# Comcast letter to Disney



## Chris Blount (Jun 22, 2001)

Brian Roberts lays out Comcast's case for a takeover of Disney to a resistant Michael Eisner.

Below is the letter sent by Brian L. Roberts, Comcast's president and chief executive officer, to Michael Eisner, Disney's chief executive officer:

February 11, 2004

Mr. Michael D. Eisner
The Walt Disney Company
500 South Buena Vista Street
Burbank, California 91521

Dear Michael:

I am writing following our conversation earlier this week in which I proposed that we enter into discussions to merge Disney and Comcast to create a premier entertainment and communications company. It is unfortunate that you are not willing to do so. Given this, the only way for us to proceed is to make a public proposal directly to you and your Board.

We have a wonderful opportunity to create a company that combines distribution and content in a way that is far stronger and more valuable than either Disney or Comcast can be standing alone. To this end, we are proposing a tax-free stock for stock merger in which Comcast would issue 0.78 of a share of its Class A voting common stock for each share of Disney. This represents a premium of over $5 billion for your shareholders, based on yesterday's closing prices. Under our proposal, your shareholders would own approximately 42% of the combined company.

The combined company would be uniquely positioned to take advantage of an extraordinary collection of assets. Together, we would unite the country's premier cable provider with Disney's leading filmed entertainment, media networks and theme park properties. In addition to serving over 21 million cable subscribers, Comcast is also the country's largest high speed internet service provider with over 5 million subscribers. As you have expressed on several occasions, one of Disney's top priorities involves the aggressive pursuit of technological innovation that enhances how Disney's content is created and delivered. We believe this combination helps accelerate the realization of that goal-whether through existing distribution channels and technologies such as video-on-demand and broadband video streaming or through emerging technologies still in development-to the benefit of all our shareholders, customers and employees.

We believe that improvements in operating performance, business creation opportunities and other combination benefits will generate enormous value for the shareholders of both companies. Together, as an integrated distribution and content company, we will be best positioned to meet our respective competitive challenges. We have a stable and respected management team with a great track record for creating shareholder value. In fact, our shares have consistently outperformed leading stock indices by significant margins, including the S&P 500 by a margin of more than 2 to 1 since Comcast went public in 1972.

The Comcast management team greatly appreciates and is highly respectful of the Disney heritage. We know that there are many talented executives at Disney who we envision would also play a key role in managing the combined company. We also would welcome directors from your Board joining our Board.

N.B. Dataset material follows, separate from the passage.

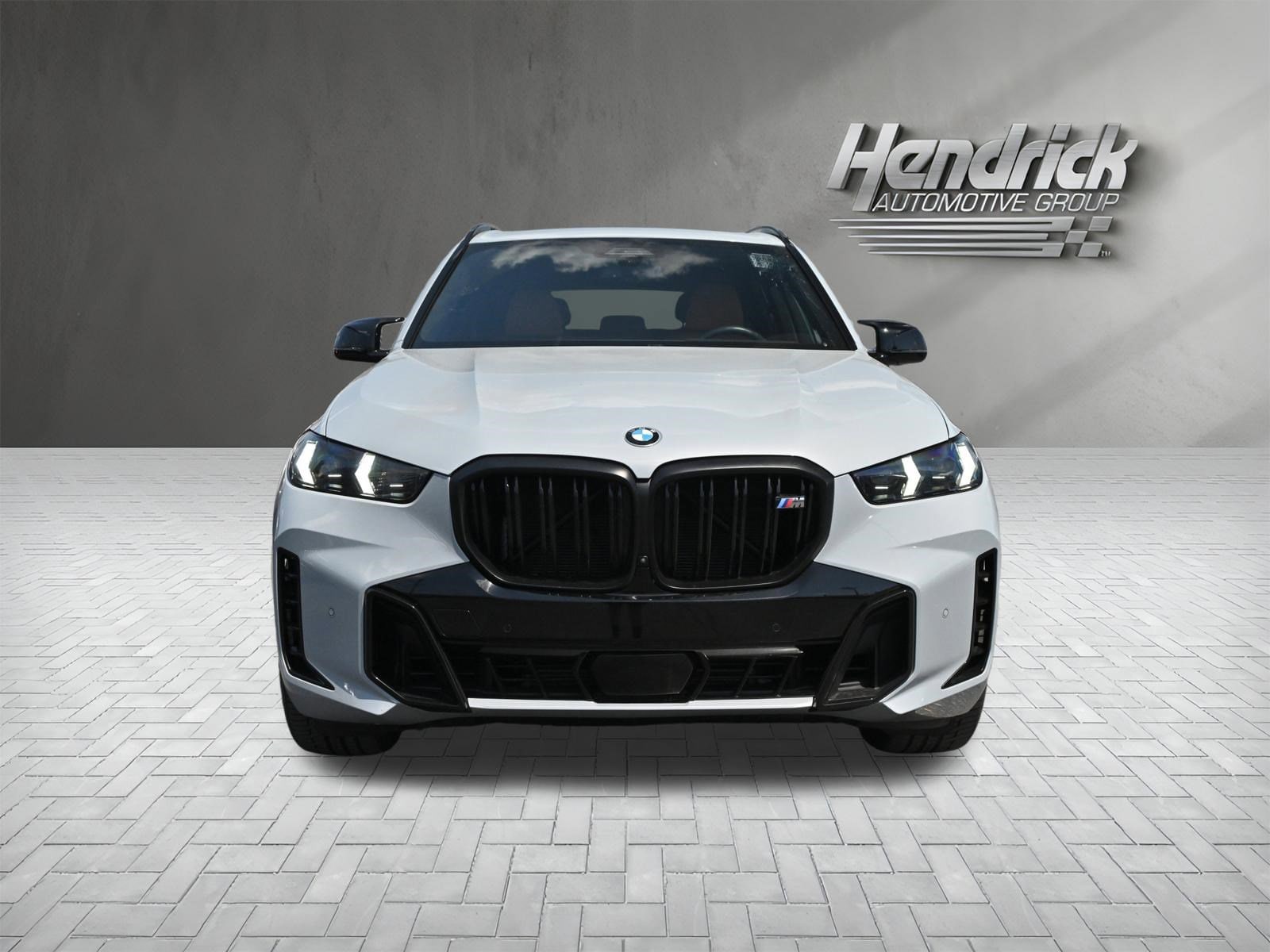 2025 BMW X5 M60i photo 2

We have analyzed the issues associated with regulatory approval and are confident that all necessary approvals can be obtained in a timely fashion. Given the landscape that has evolved in our industry over the past few years, the creation of integrated content and distribution companies is essential to increasing the level of competition. The FCC's existing program access and program carriage rules ensure that the combined company will continue to make all of its satellite-delivered national and regional cable networks available on a non-exclusive, non-discriminatory basis and that there will be no discrimination against unaffiliated programming services, all consistent with the undertakings made by News Corp. in its recent acquisition of DirecTV.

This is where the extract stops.